The problem with Points of Wealth is that their wealth gives them far more power and influence than a normal person has. Our political and legal systems have aligned themselves with the interests of these well-off individuals in a way that the founding fathers of the United States would find impossible to imagine. Through campaign contributions, $1,000-a-plate fundraising dinners, expensive lawyers and lobbyists, a person of wealth in the United States can gain direct access to the political and legal systems. These systems then respond to their requests, changing laws and policies to benefit the wealthy. The interests and needs of the non-wealthy are abandoned in the process.

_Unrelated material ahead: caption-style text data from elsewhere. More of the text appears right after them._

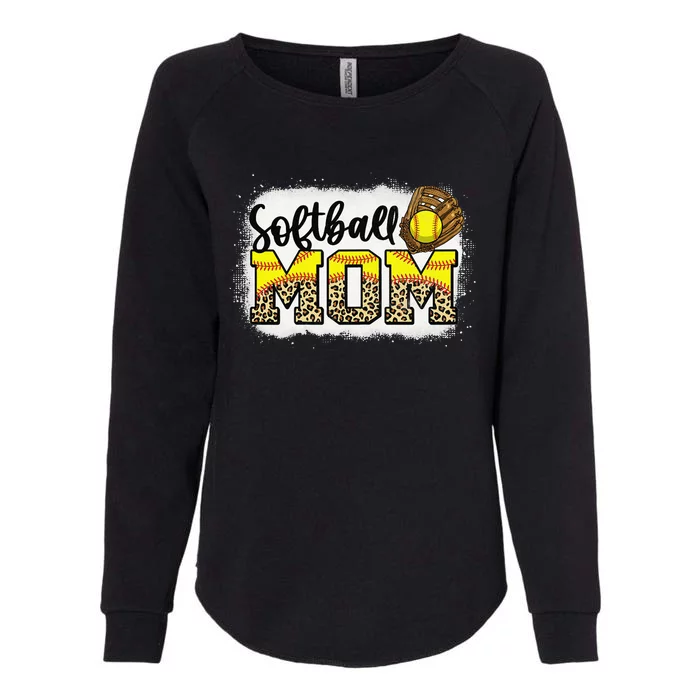 Leopard Softball Mom Tee Softball Game Day Vibes Mothers Day Womens California Wash Sweatshirt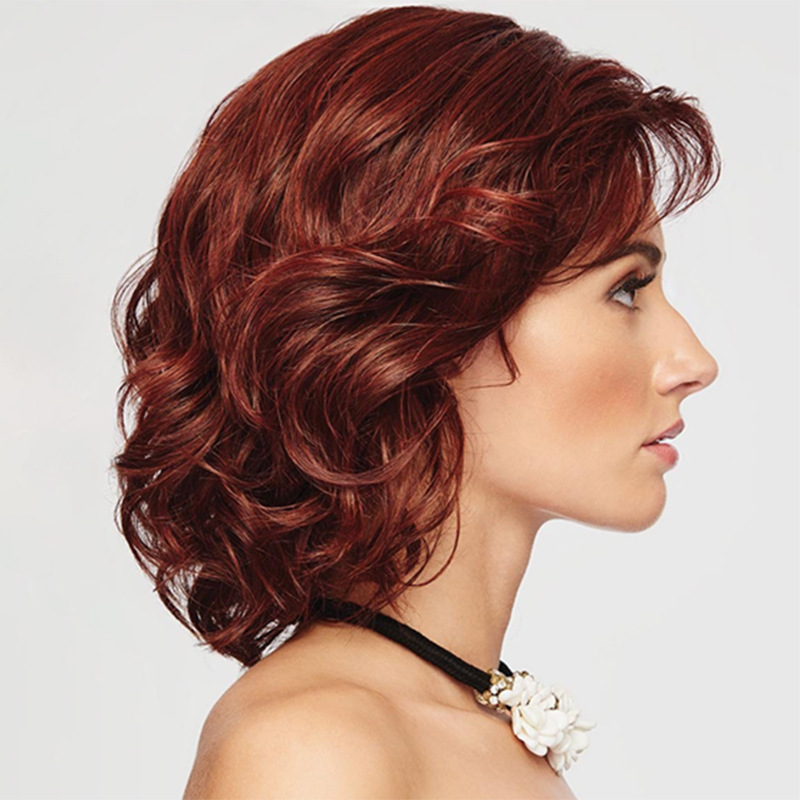 跨境专供欧美时尚假发 女士酒红色染色梨花卷短卷发假发发套批发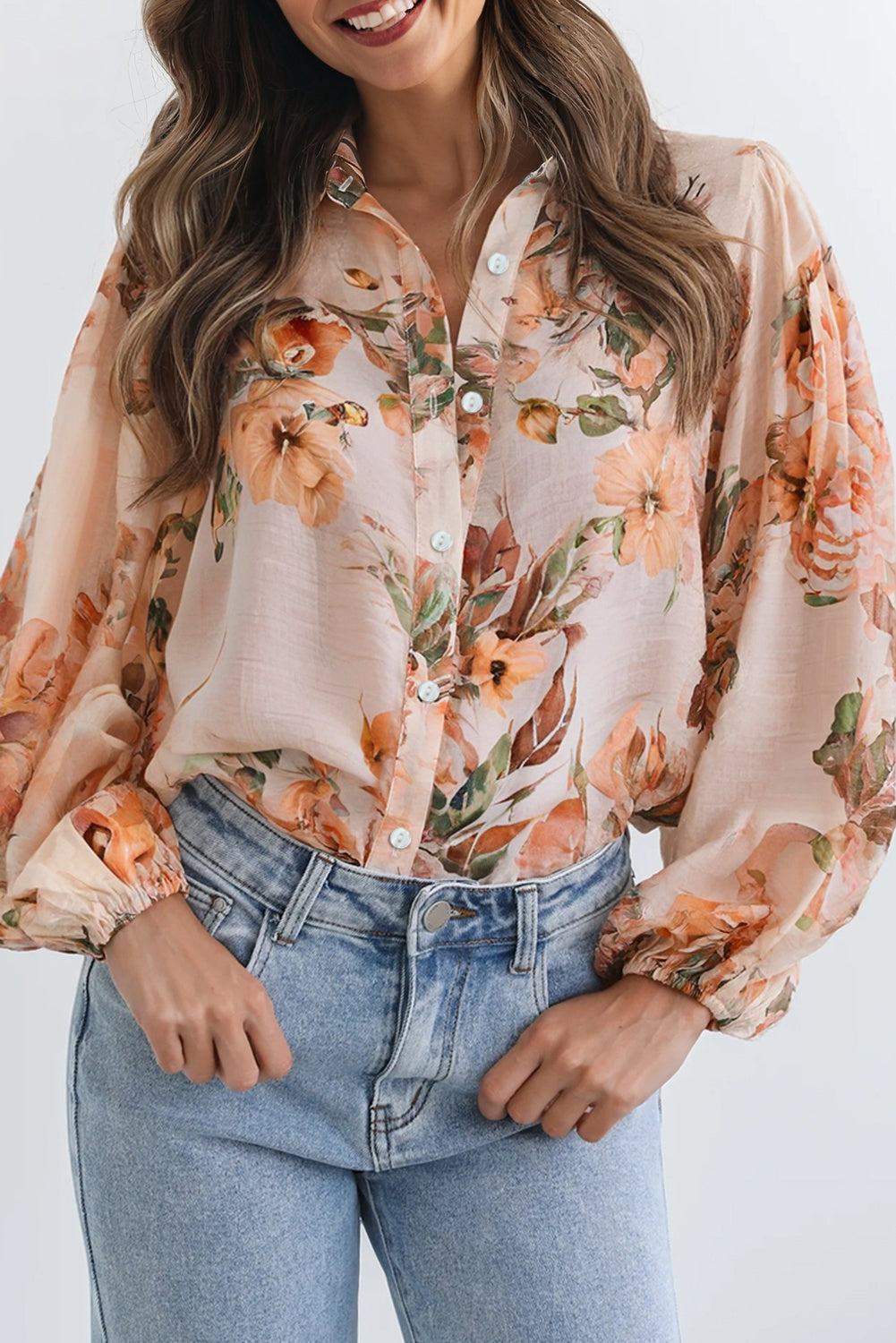 Floral Puff Sleeve Collared Shirt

The question to ask ourselves is this: What is the advantage to society in creating these Points of Wealth? Does anyone benefit from the process? If you have hundreds of thousands of people working for minimum wage at McDonald’s and a small group of executives siphoning immense salaries off of their diligence, is anyone better off? Yes, the handful of executives — the top 10% of the U.S. population — are better off. They live in god-like opulence. But the other 90% — do the citizens of the United States gain any benefit from having these super-rich individuals corrupting the political and legal systems with the power that their wealth brings?
I would like to suggest that the answer to this question is, “no”. I would like to suggest that it is time for We, The People, to recognize what is happening and demand an equitable distribution of the wealth of this nation.
One way to do this is to heavily tax executives and shareholders making more than $500,000 per year. Those taxes would not go to the government, but instead flow to every American citizen through a central account. In this way, each citizen shares in the wealth of the nation.